Your goal
Beneath this line sits some data. Return only its lines from the one holding "For example, first" through the one holding "The right atrium has", inclusive, exactly, with the images removed.

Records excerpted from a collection

_ _ _

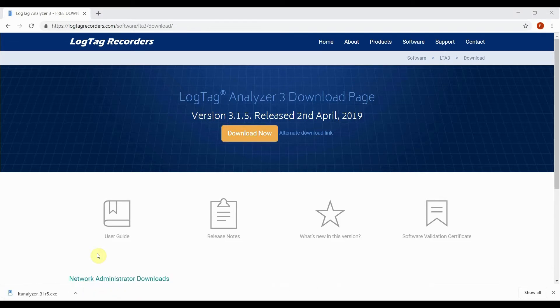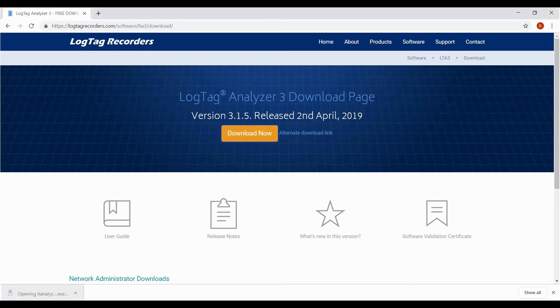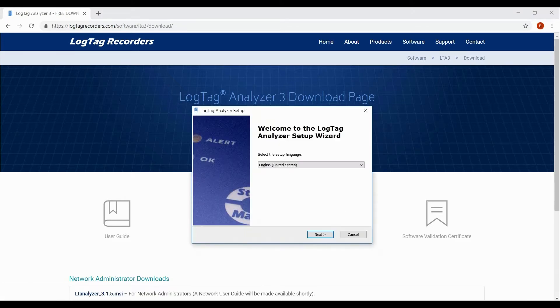Once downloaded, open the file by clicking on it from your browser's download bar or in the downloads folder. English is selected by default on the first screen.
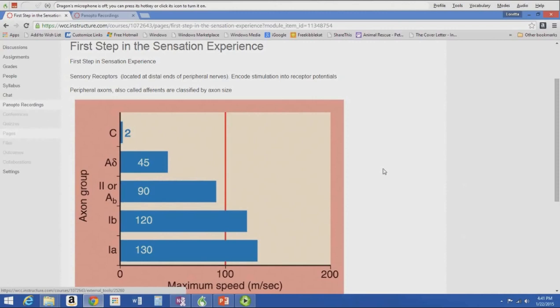The next fastest are the 1B axons — the Golgi tendon organs and ligament receptors, which sense tendon and ligament tension. All three — muscle spindles, Golgi tendon organs, and ligament receptors — sense proprioceptive information. This needs to happen quickly because proprioceptive information goes to the cerebellum, which says we need to adjust something, sending efferent signals back to maintain balance and detect position in space. It's a fast, unconscious process.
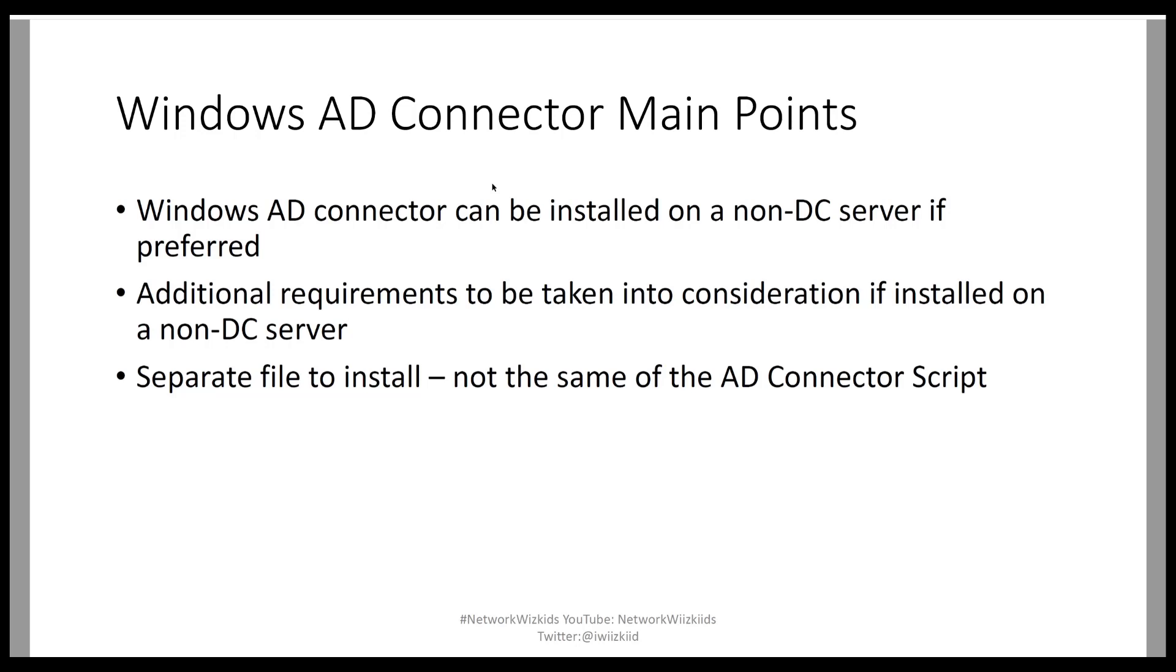Additional requirements to be taken into consideration if installed on non-DC servers. So I will put the links to relevant guides at the end of this slide and I will also post them in the video description. However, this main point is basically pointing out that if you're installing the connector on a non-domain controller, there are additional prerequisites that you need to consider before proceeding.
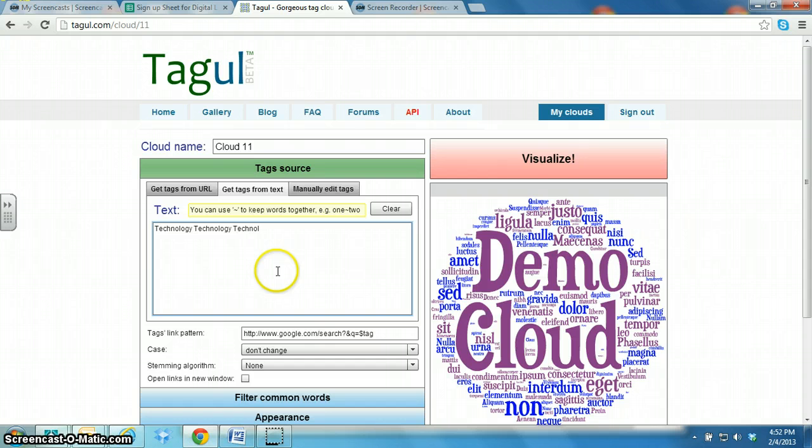I'm going to type technology five times. Oops, let me spell it correctly. I think I'll type it in like five times.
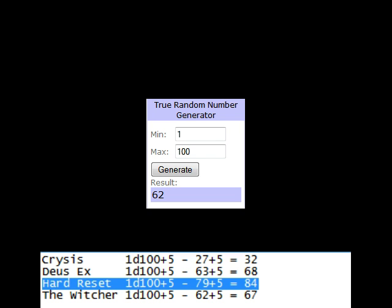So that being said, we have a winner. It's looking like Hard Reset is going to be the game for Wednesdays.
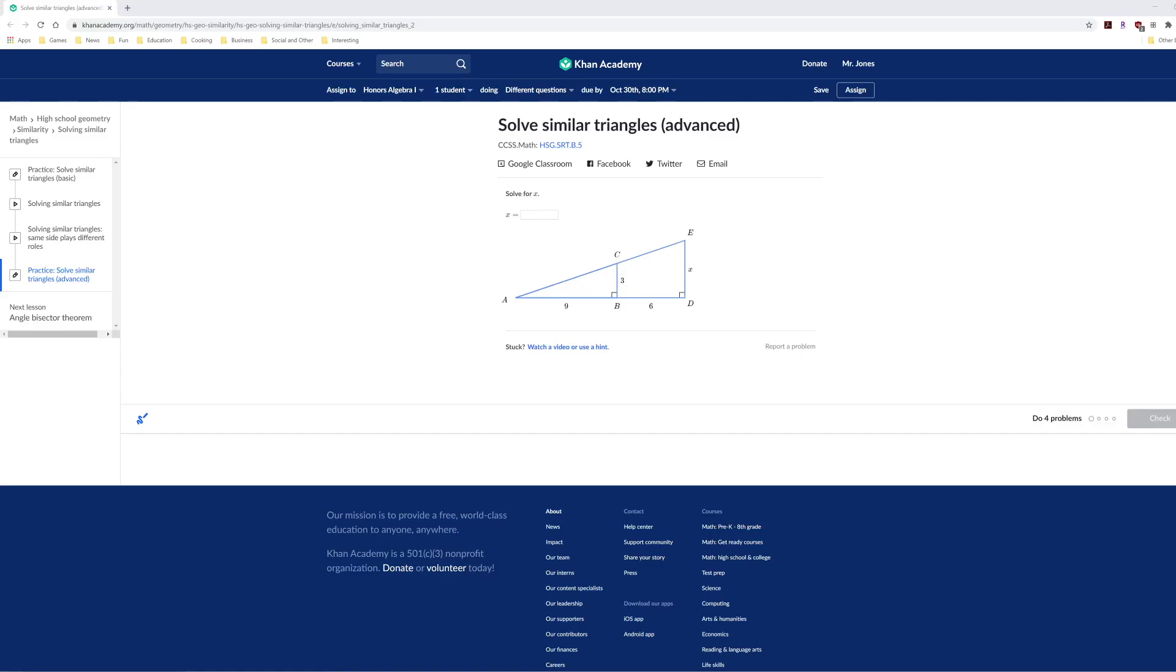Now let's look at a slightly more complicated example of dealing with similar triangles. First off, even though it's not really required in this problem, you want to think about why the two triangles you see in the picture are congruent to each other.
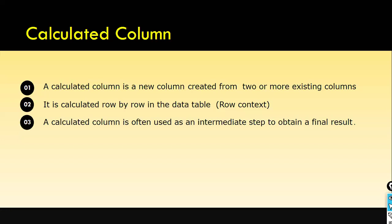For example, first you compute the net sales. You have gross sales, from that you find out the net sales. To compute net sales, you subtract the discount you have given to the customer from your gross sales, so you get the net sales. Then with the net sales, you apply some formula to get the net margin. In that case, you have used an intermediate step - first you arrive at the net sales, then with the help of that column, you compute the net margin.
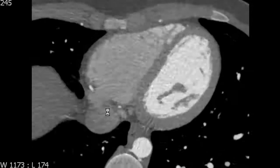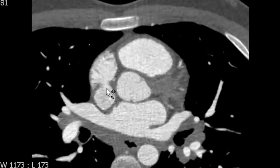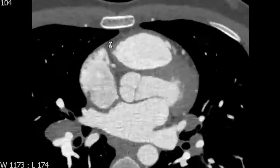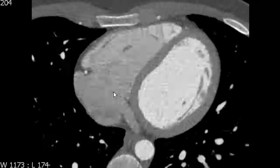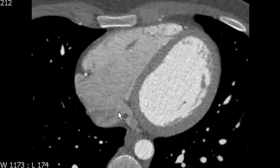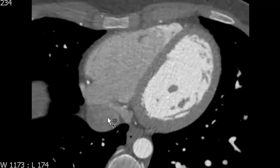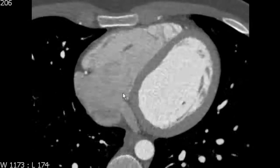The right atrium has several junctions with other structures. The first is the SVC-right atrial junction at the superior border, and the IVC junction at the inferior border. There is another venous intersection — the coronary sinus, which drains the cardiac veins into the right atrium and is located at the inferior margin of the right atrium. On one slice we can see the IVC, the most distal portion of the coronary sinus, and the right atrium proper.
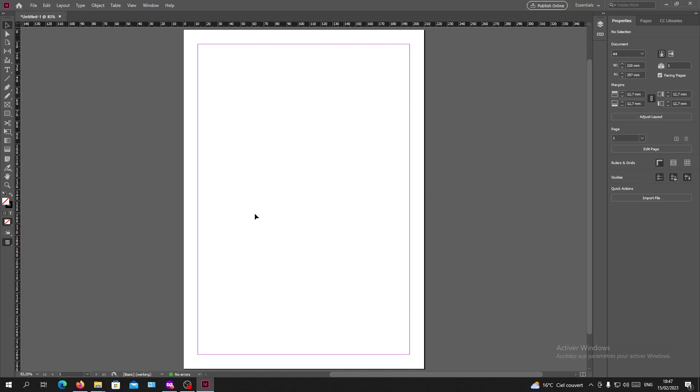Hello guys and welcome to another tutorial. Today I'm going to show you how to unlock your text box in Adobe InDesign. Now you will need to open your InDesign software and follow these simple steps.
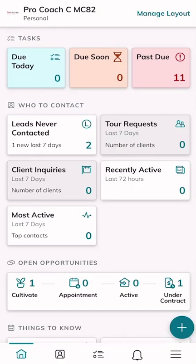Good morning, Keller Williams, and welcome back to the KW Command 66 Day Challenge 9.0. Today is day 59. Today I'm going to highlight once again our KW Command app.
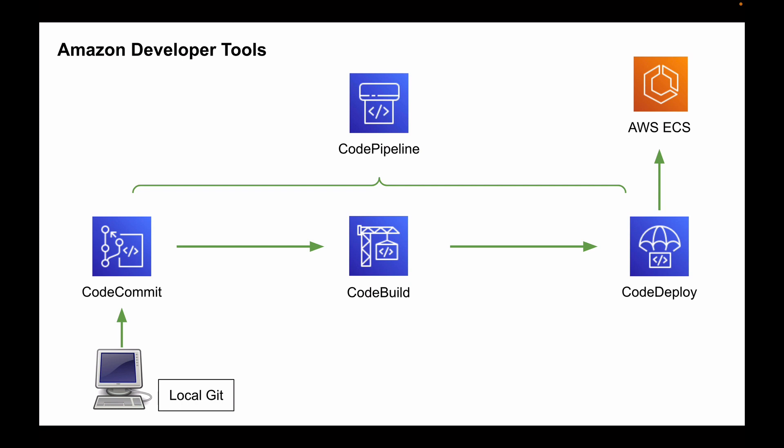For example, as soon as we push code to Amazon CodeCommit, CodeBuild will automatically pick up the latest code and it will start building it. If the build is successful, CodeDeploy will pick up the result and it will automatically deploy our application to Amazon Elastic Container Service. This entire flow will start and complete automatically.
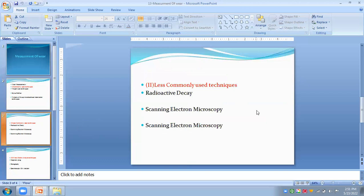The second category is less commonly used techniques. The first of these is radioactive decay, also called autoradiography. It is used to measure small amounts of wear. It is very sensitive and works by irradiating one of the members and measuring the change in radiation. This technique has a resolution of approximately a few nanograms.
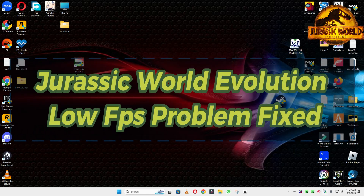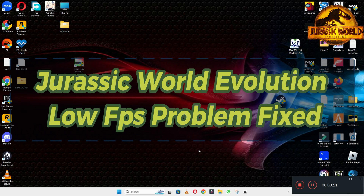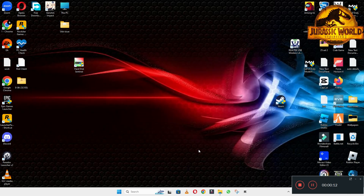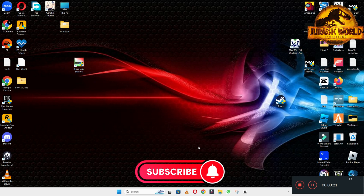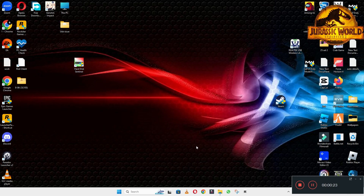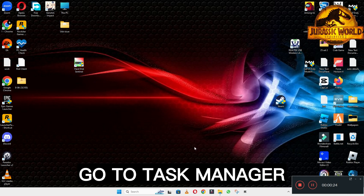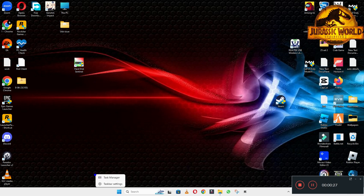Hello guys, welcome back to another video. In this video I will show you how to fix Jurassic World Evolution 2 low FPS or lagging problem on your Windows PC and laptop. So to fix this issue follow every step as I am showing in this video and do not forget to subscribe this channel and also press the bell icon for the latest upcoming videos. Hope so, this will fix your problem and helps you a lot.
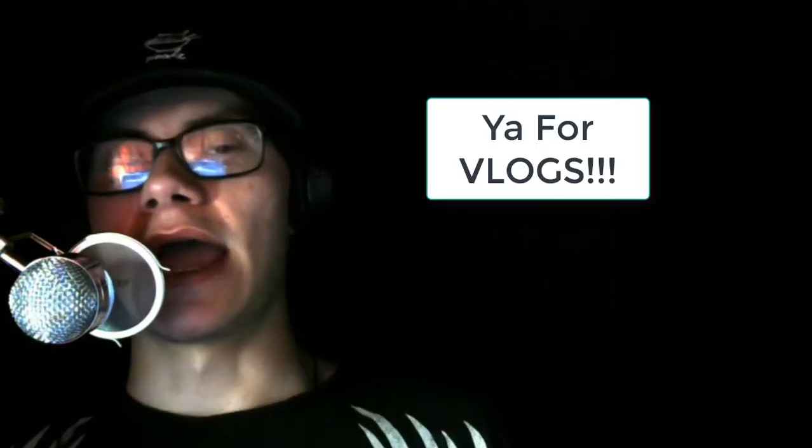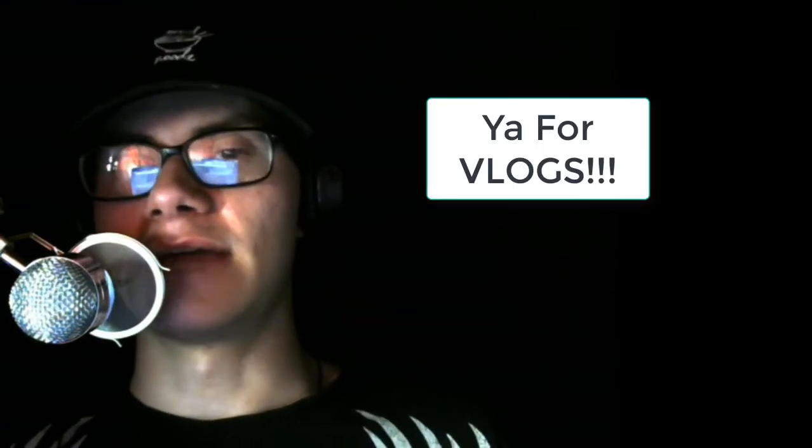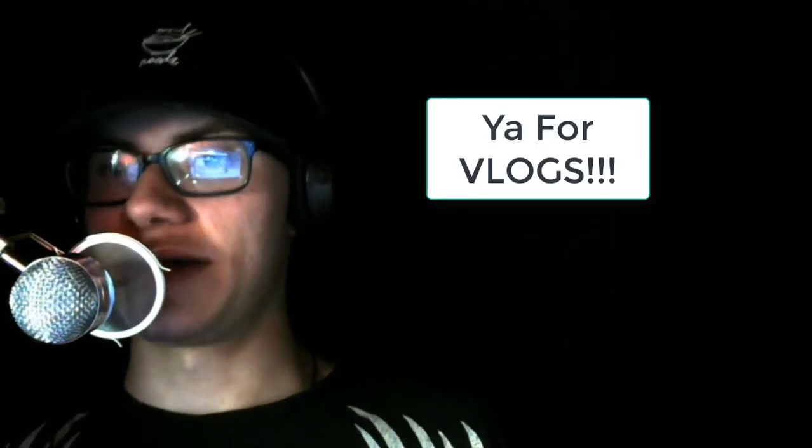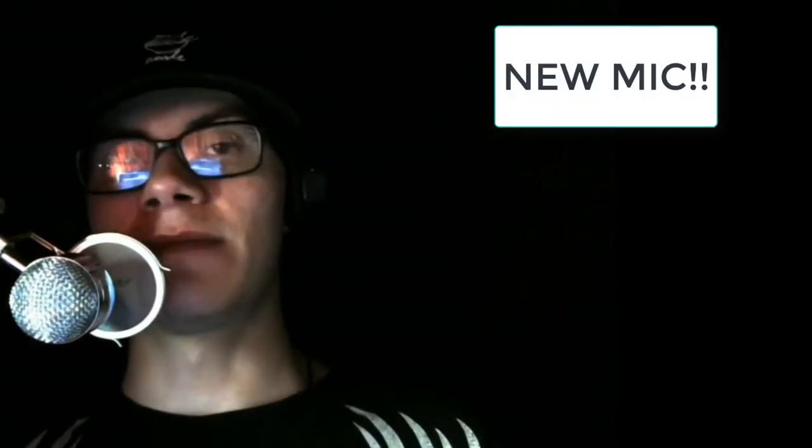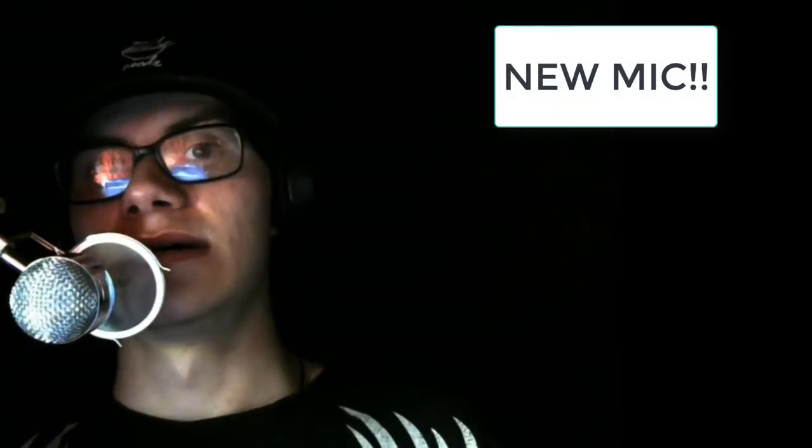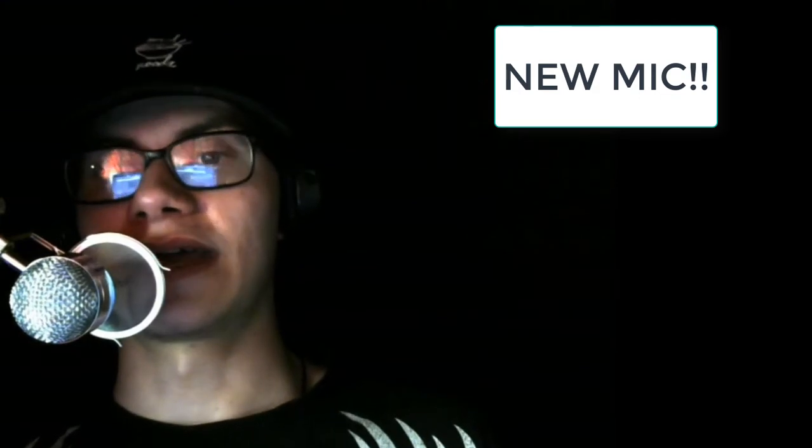I might be starting vlogs pretty soon and I might start doing a lot of different series. Also I got a new microphone as you guys can tell. It's probably not the best but I got it, I found it and I was like you know what, let's do this.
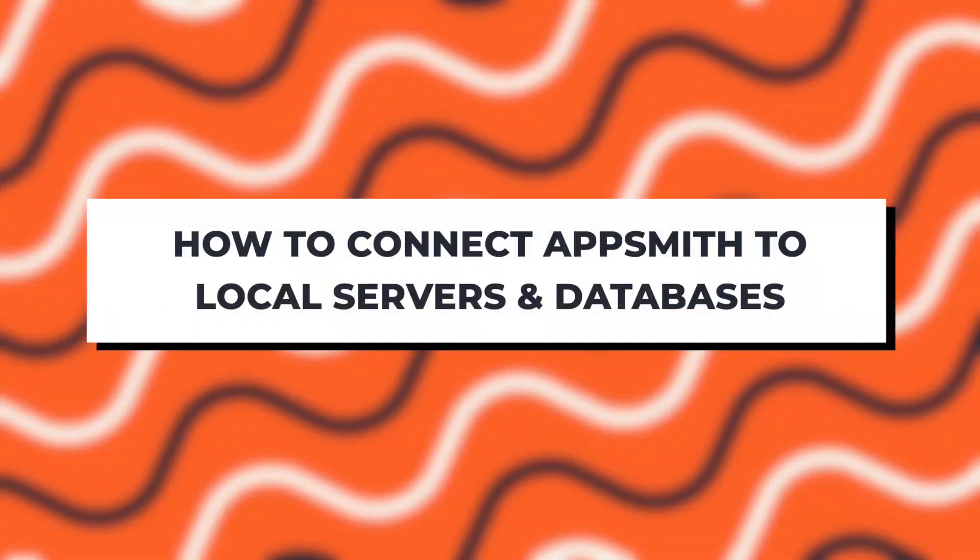Hey guys, welcome back to the channel. This is going to be a quick video to show you how to connect to services running locally from your self-hosted Docker instance.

_ _ _

Answer section
For example, first you compute the net sales. You have gross sales, from that you find out the net sales. To compute net sales, you subtract the discount you have given to the customer from your gross sales, so you get the net sales. Then with the net sales, you apply some formula to get the net margin. In that case, you have used an intermediate step - first you arrive at the net sales, then with the help of that column, you compute the net margin.
The right atrium has several junctions with other structures. The first is the SVC-right atrial junction at the superior border, and the IVC junction at the inferior border. There is another venous intersection — the coronary sinus, which drains the cardiac veins into the right atrium and is located at the inferior margin of the right atrium. On one slice we can see the IVC, the most distal portion of the coronary sinus, and the right atrium proper.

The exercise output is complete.